Unexpected expenses can come knocking on your door when you are least prepared for it. It’s the same story always- the month you are low on funds, is the month when the majority of unexpected expenses make surprise visits. In such situations that require cash, your best solution is to look for a quick cash loan. Such cash loans in the form of personal loans are available from banks and other financial institutions. The society is seeing an increased dependence on credit by modern households to funds a majority of their high-end expenses. Quick Cash loans are unsecured loans and so there is no requirement to pledge any asset or liquidate saving to meet expenses.
These loans are easy access to money but there are some conditions that have to be adhered to. These conditions are set by the lender and help them in arriving at a lending decision based on your credibility and the ability to repay the loan taken.

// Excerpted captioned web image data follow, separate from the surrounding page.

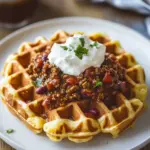 cornbread waffles with chili - featured image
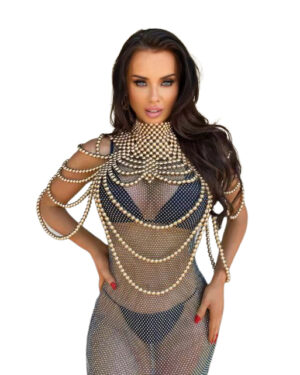 14613 - Pearl chunky body chain - Brown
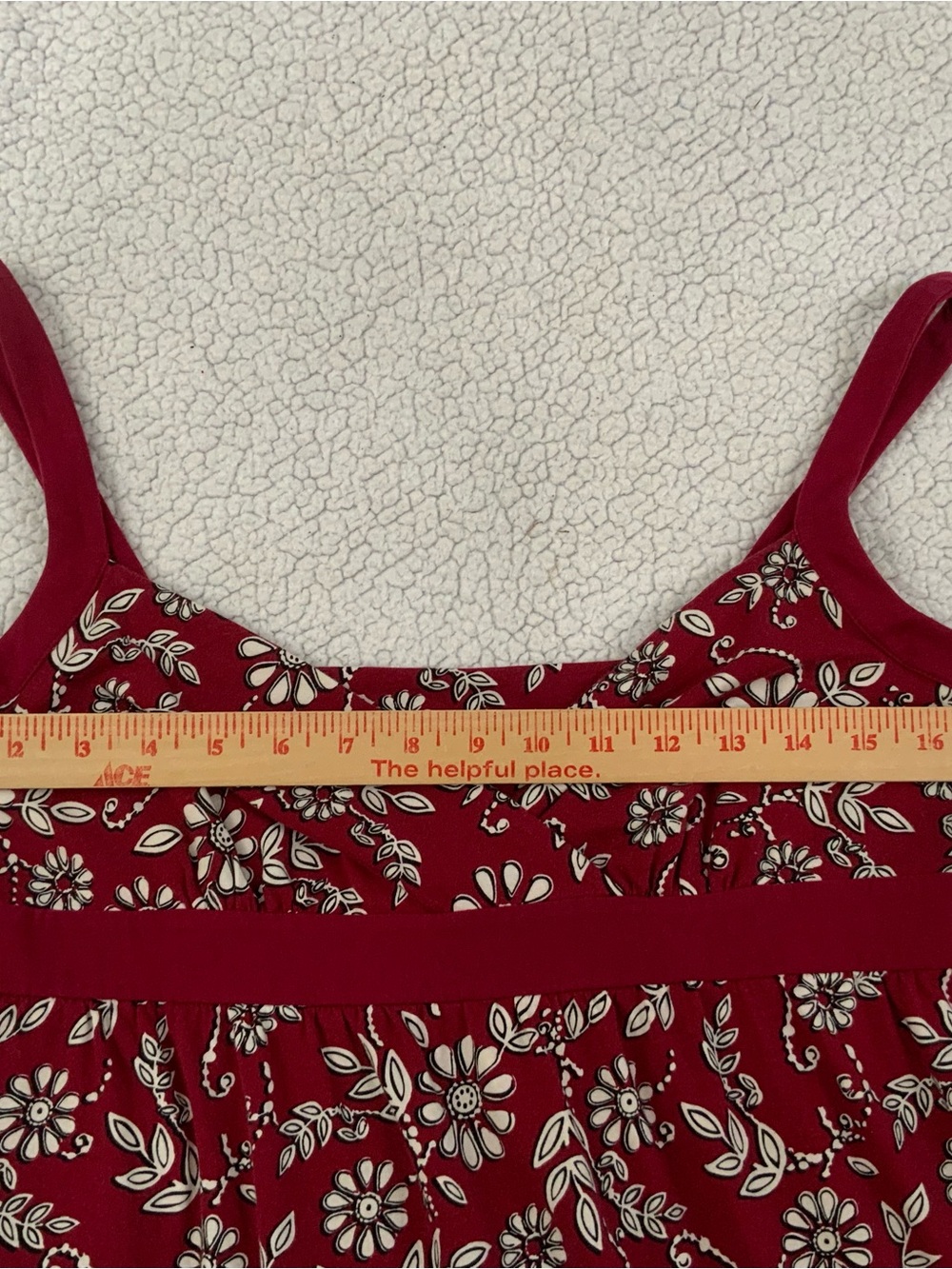 Ann Taylor Loft Empire Waist Dress Sz M Stretch Red White Floral Knit Feminine - Picture 8 of 11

The general eligibility criteria for a Quick Cash Loan:
Minimum Income Requirement:
These are unsecured loans and the lender expects the borrower to repay the amount in EMIs over a period of time. For this, they have a look at your employment history, your current company, your tenure with the company and the current salary that you are receiving. Qbera looks for a minimum take-home salary of Rs 18,000 while most banks look for a minimum salary of Rs 30 000 per month. The stability or your term with the employer is also considered.
Your Company Status:
Believe it or not, but the organization that you are employed with can affect the decision-making process of the lender. There are many companies that are affiliated with different banks and help their employees get loans from them. So, the banks and other financial institutions have a database of companies and your employment with them can help you in faster processing of the loan. Qbera does not reject applications from unlisted companies but, the process is much faster if your company is listed.
The Income to Debt Ratio:
The total debts that are under your name which includes both your secured and unsecured debts have a significant impact on the lending decisions. A debt to income ratio of 30-40 percent is considered ideal. Anything above than a 40 % ratio implies stressed financial situation.
Age of the Applicant:
Younger applicants who will be in the working force for a longer period of time is preferred for an unsecured personal loan. They are also better equipped to handle long-term loans and so the age group of 23-55 years is preferred.
CIBIL score assists lenders in deciding the credibility of an applicant and is a major component of consideration by any financial institution. Banks do not consider score that is lower than 750. Fintechs bases their decision on both credit score and their risk calculation algorithms and so does consider a marginally lower score.